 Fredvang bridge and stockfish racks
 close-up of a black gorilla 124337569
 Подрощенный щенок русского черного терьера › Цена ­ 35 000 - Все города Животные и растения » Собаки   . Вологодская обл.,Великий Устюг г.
---+---
Retype every line of the listing exactly as it appears.

 Fredvang bridge and stockfish racks
 close-up of a black gorilla 124337569
 Подрощенный щенок русского черного терьера › Цена ­ 35 000 - Все города Животные и растения » Собаки   . Вологодская обл.,Великий Устюг г.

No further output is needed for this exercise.